Wednesday, April 30, 2008

Dynamic languages need modules

A dynamic language starts as an implementation. And that implementation almost always includes some variation on a REPL. Look at Lisp, Scheme, Python, Ruby, JavaScript, Lua, etc. One of the things that makes these languages "dynamic" is that they're attached to some long-running process: an IDE, a user prompt, an embedding application, a web page. So these languages are simply implemented with some global table of definitions that gets updated through the lifetime of the host process. Easy enough to understand from the implementor's perspective, but what happens to the user of the embedded language?

The problem with the "top-level" (that ever-changing table of program definitions) is the creeping specter of dynamic scope.
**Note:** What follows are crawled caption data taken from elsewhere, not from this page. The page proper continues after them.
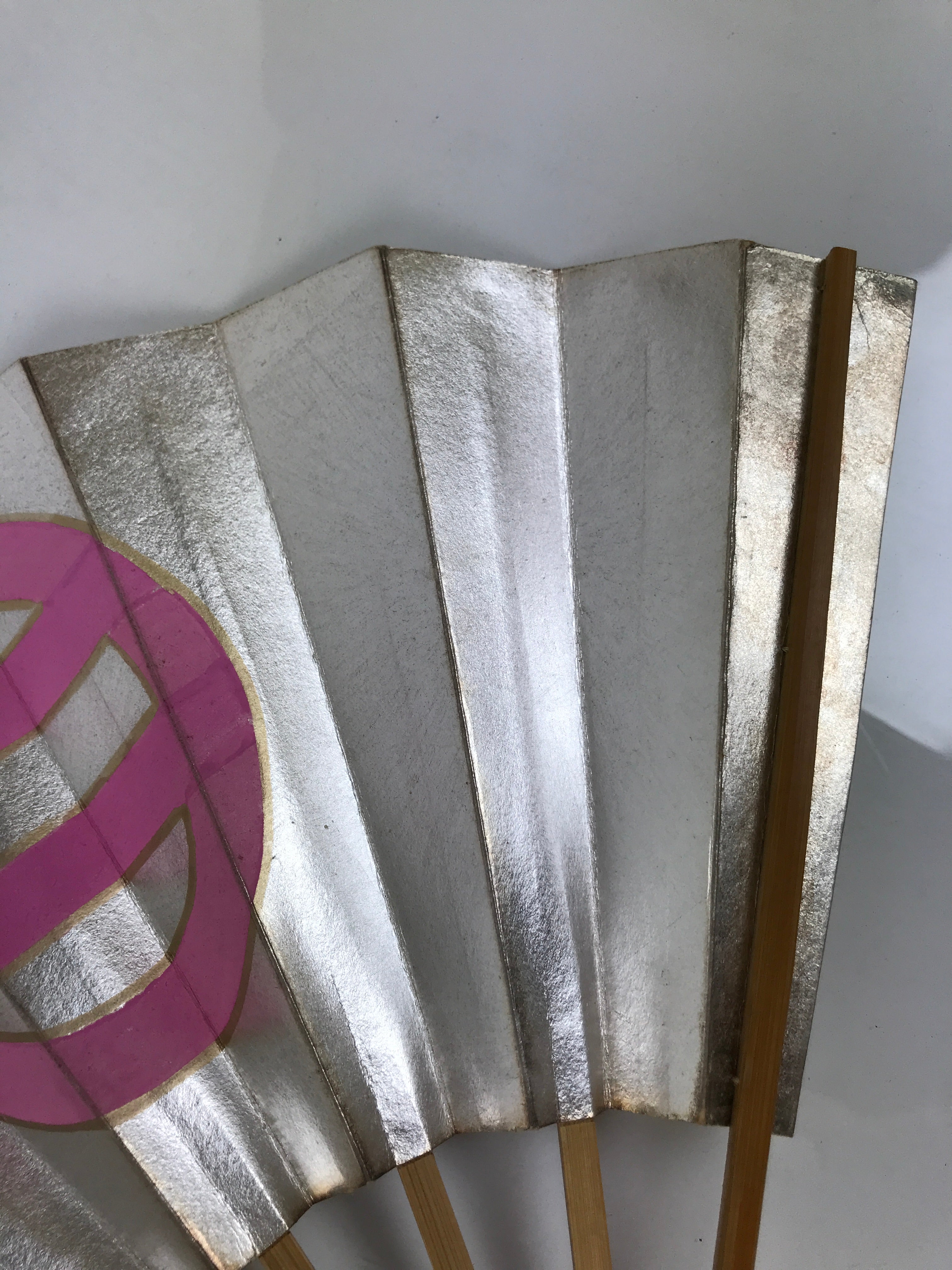 Japanese Folding Fan Maisen Sensu Vtg Bamboo Frame Gold Foil Red Mon Crest 4D893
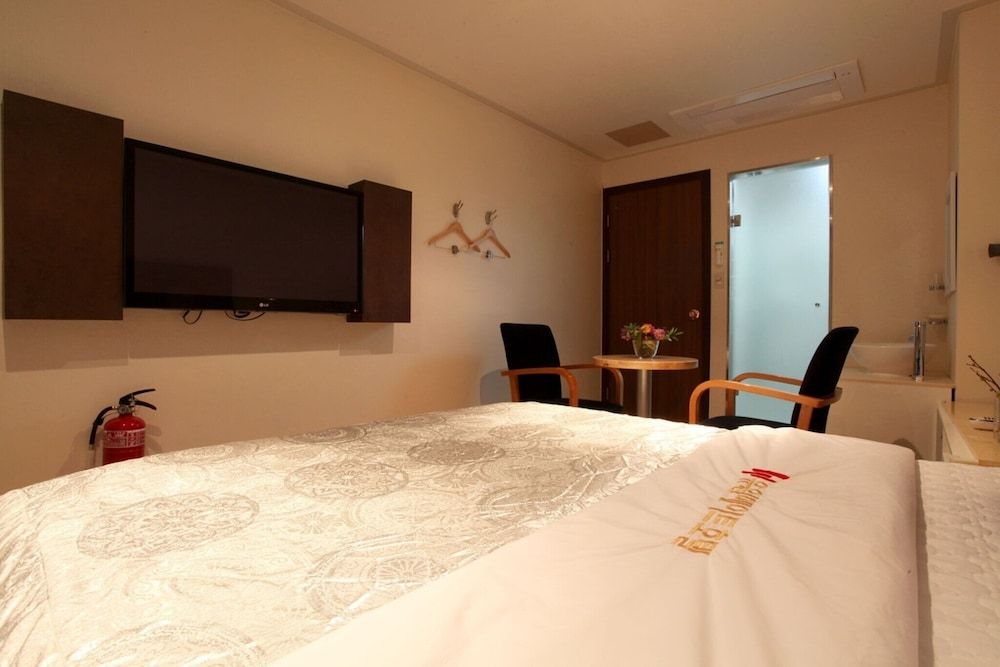Seocho Amusement Hotel Nambu Terminal Room (Standard (Vehicle available Parking a) 3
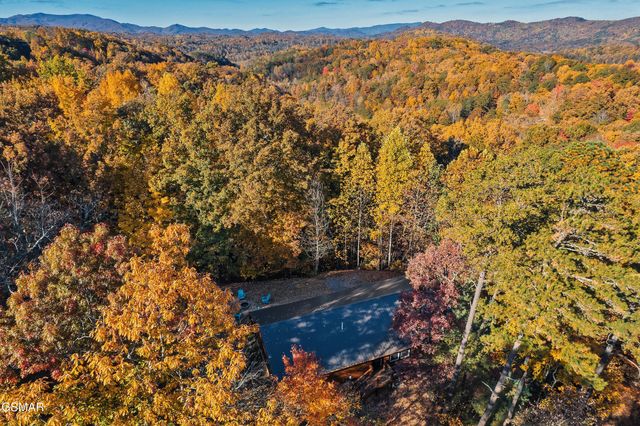 3613 Old Mountain Road, Sevierville, TN 37876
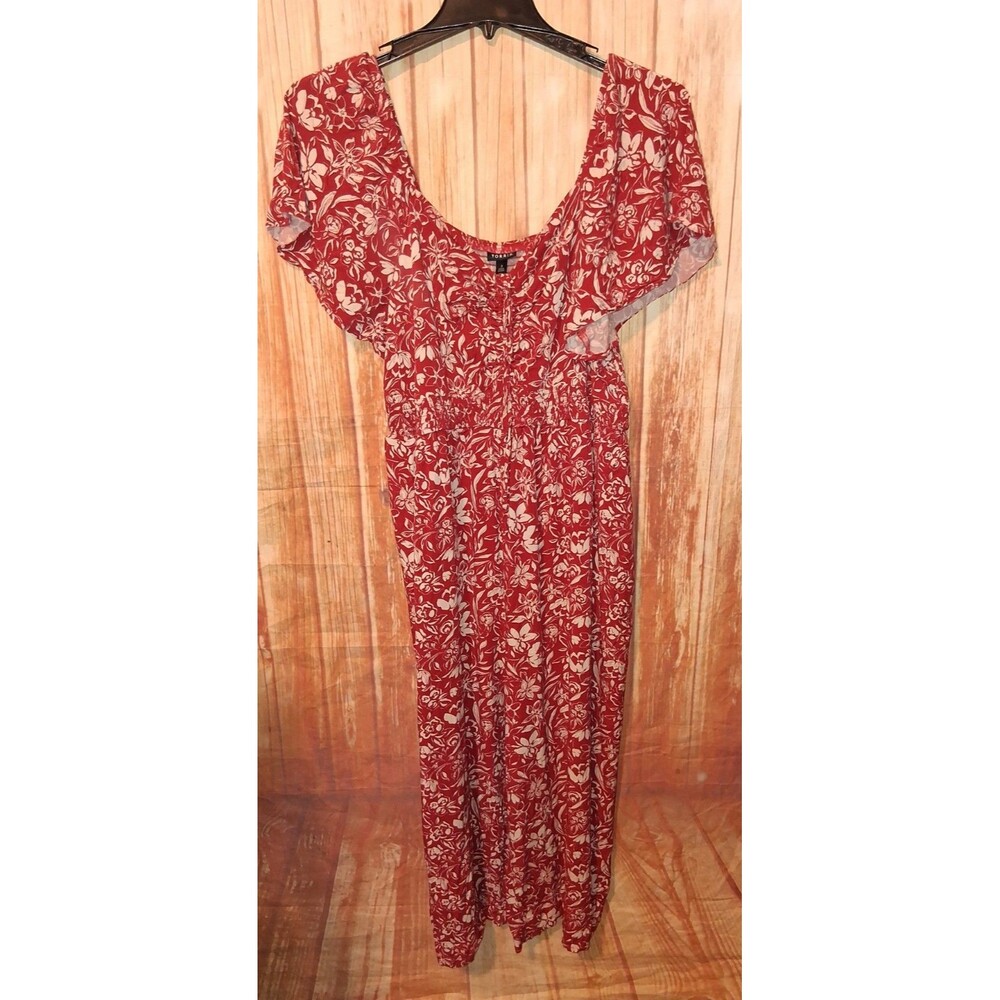 Torrid Red Floral Short Sleeve V-neck Capri Romper Sz 3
While static vs. dynamic typing may be a debate that civilization takes to its grave, the dust seems to have more or less settled on dynamic scoping. The fact is, even though many decisions a program makes must depend on its context, it's very hard to understand a program if you can't nail down its definitions.

To some degree, if a dynamic language has lambda, you can escape the top-level with a design pattern that simulates a poor man's module. The module pattern is almost always a variation of what Schemers call "left-left-lambda"--the immediate application of a function literal. Bindings inside the lambda are no longer floating in that airy and transient stratosphere of the top-level; they're nailed to the function that is being applied. And you know that function is being applied only once, because once you've created it, it's applied an discarded.

This pattern goes a long way, and if you have macros, you can create sugar to give the pattern linguistic status. But a module system it ain't.

Linking: Nothing in this pattern deals with the relationships between modules. There's no way to declare what a module's imports and exports are. In fact, if you want a module to communicate with any other modules, the top-level's poison tends to seep back in. To export a value, a lambda-module can mutate some global variable, or it can return a value--but where does the caller save the value? You can always nest these solutions within more lambda-modules, but ultimately there's a problem of infinite regress: in the end you have to have at least one special top-most module surrounding your program.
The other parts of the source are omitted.